Les Dessous du bois

Bois de Boulogne, Paris, France, 1853. Napoléon III discipline la végétation de la forêt pour la transformer en un « paysage historique » : la Nature, domestiquée, devient simple décor de l’histoire. « Tout était de main d’homme, artificiel » explique la narratrice du film de Lola Peuch. L’Homme a voulu faire de ce bois son lieu de villégiature privilégié.
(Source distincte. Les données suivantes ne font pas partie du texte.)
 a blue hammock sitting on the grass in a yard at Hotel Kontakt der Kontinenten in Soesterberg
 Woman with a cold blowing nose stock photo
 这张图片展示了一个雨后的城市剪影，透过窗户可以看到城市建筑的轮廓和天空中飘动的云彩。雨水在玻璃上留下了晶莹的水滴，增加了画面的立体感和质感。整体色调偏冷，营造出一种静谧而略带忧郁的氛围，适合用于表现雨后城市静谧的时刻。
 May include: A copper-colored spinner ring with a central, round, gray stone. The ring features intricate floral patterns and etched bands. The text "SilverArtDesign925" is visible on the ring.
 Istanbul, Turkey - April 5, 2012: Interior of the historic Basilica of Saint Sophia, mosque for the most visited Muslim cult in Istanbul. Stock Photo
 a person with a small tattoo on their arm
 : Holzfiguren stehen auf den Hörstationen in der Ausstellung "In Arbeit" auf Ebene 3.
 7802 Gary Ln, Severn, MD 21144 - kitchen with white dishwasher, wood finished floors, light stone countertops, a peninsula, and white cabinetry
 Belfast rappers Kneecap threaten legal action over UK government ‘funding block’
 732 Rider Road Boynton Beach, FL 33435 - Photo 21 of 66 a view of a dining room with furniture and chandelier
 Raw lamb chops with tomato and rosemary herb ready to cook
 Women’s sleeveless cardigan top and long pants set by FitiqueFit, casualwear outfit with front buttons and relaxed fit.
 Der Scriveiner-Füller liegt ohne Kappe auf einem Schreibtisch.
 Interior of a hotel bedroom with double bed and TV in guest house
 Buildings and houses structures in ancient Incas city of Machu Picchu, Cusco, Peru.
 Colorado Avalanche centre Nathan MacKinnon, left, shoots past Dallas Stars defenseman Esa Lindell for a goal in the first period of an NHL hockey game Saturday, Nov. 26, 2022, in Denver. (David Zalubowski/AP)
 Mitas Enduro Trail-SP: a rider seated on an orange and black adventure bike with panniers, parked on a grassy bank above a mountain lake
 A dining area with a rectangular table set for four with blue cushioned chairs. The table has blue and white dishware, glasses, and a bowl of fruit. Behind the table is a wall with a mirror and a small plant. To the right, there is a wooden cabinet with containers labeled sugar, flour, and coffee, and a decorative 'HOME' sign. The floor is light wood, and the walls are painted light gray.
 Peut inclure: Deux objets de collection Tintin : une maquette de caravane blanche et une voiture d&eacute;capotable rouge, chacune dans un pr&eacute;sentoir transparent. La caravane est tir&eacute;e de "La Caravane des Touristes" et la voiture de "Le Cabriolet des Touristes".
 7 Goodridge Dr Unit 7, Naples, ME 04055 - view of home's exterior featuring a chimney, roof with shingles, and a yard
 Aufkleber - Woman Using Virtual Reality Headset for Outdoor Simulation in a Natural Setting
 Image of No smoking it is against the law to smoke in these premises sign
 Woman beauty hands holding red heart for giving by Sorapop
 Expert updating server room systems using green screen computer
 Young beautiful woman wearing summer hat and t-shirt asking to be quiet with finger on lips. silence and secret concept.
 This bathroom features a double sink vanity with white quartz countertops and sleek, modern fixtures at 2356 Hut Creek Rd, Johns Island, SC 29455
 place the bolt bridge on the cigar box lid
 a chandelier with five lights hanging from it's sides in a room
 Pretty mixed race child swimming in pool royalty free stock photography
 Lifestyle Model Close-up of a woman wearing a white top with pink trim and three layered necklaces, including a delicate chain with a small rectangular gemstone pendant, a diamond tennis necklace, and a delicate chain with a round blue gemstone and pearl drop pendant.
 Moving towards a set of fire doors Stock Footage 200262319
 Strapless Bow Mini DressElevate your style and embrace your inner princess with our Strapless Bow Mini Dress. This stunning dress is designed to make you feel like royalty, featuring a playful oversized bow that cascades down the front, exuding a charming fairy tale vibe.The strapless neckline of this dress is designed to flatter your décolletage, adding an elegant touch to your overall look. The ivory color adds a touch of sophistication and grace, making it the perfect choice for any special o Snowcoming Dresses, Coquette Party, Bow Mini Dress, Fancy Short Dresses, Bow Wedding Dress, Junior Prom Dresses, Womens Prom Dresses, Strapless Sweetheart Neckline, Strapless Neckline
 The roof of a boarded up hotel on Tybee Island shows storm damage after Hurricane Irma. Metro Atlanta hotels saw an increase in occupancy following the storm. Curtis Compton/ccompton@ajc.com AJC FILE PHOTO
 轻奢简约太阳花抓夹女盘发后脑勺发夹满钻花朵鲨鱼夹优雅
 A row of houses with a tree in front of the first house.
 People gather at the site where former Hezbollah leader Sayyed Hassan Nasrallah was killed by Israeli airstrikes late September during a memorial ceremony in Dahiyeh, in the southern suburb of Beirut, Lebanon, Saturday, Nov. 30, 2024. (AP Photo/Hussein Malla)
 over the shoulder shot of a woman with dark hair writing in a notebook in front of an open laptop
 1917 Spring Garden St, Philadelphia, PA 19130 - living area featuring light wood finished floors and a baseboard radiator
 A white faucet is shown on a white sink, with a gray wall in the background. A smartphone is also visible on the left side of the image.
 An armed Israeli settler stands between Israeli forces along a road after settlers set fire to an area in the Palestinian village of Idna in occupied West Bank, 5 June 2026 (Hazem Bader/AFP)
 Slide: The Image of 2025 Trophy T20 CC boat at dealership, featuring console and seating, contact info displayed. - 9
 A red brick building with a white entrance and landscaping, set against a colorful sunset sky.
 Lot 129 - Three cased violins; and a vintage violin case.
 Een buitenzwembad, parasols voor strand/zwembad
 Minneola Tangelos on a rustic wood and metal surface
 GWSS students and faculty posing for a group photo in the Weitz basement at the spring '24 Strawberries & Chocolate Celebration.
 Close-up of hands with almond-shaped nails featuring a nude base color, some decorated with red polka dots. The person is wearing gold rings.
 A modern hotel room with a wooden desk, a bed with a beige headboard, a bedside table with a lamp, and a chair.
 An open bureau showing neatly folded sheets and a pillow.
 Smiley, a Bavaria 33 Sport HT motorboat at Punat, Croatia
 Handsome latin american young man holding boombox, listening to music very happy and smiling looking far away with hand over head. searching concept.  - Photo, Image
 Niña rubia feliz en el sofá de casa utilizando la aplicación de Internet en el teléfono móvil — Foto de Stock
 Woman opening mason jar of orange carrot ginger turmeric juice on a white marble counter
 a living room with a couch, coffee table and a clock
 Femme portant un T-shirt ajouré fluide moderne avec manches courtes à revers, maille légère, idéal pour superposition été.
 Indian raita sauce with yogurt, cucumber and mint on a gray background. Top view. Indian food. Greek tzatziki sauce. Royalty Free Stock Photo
Le film pourrait se contenter de convoquer la notion de paysage en peinture, ou celle des jardins à la française, mais ce théâtre de verdure abrite maintenant d’autres récits. Trois femmes partagent leurs histoires : le quotidien dans le Bois, leur arrivée en France et la clandestinité, leurs transitions, les intimidations de la police. Voix apprêtées, presque empruntées. Elles se mettent en scène dans leur propre vie et se font actrices, dans ce décor faussement naturel. Elles décrivent une réalité sans fard, et offrent un démenti à l’histoire impériale du parc.

L’artifice des constructions du Bois est constamment détourné par Heden, Claudia et Samantha. Elles tapinent aux alentours des anciens clubs mondains réaménagés. Les buvettes Napoléon III leur vendent des préservatifs. Elles retrouvent leurs clients le long des promenades redessinées. Par leurs corps, également, elles s’approprient un art d’un autre genre. Perruques aux cheveux longs, gorges lisses, seins opérés ou nez modifiés inventent leur féminité. Le film fabrique les tableaux de leur empuissancement1.

Elles font le Bois, le Bois les a faites. Sans l’aide de cette forêt, il n’y aurait pas de récits possibles. Elles sont filmées au centre de l’image, entourées par ce cadre végétal, figure protectrice revendiquée de leur intimité. C’est grâce à sa pénombre qu’elles peuvent exercer. La lumière apaisante qui perce à travers les arbres leur donne

assez de confort pour vivre en confiance. « Matter, mutter, mother, mère. 2 » Difficile de ne pas voir cette matière-matrice qu’est le Bois comme une figure maternelle pour ces travailleuses.
Malgré cela, le film préfère une éthique du care à une essentialisation de la femme : nulle nécessité de ce rôle de la Femme-Nature, nul établissement d’une identité fixe et biologique de ce corps végétal, pas plus que de leurs propres corps. Pas d’identification du rôle de la mère à celui de la femme. Cette progéniture prend aussi soin de celle qui l’entoure avec bienveillance : longuement, l’une d’elles ramasse les déchets sur le sol, au milieu de la verdure. Se forment alors des liens de parenté réciproques. « Maman de terrain » et « maman du milieu » les unes pour les autres, putes et natures, filles irrévérencieuses contre le Père.

  1. Traduction française du terme empowerment en anglais.
  2. Donna Haraway, Vivre avec le trouble, trad. Vivien García, Les Éditions des Mondes à faire, Vaulx-en-Velin, 2020, p. 263.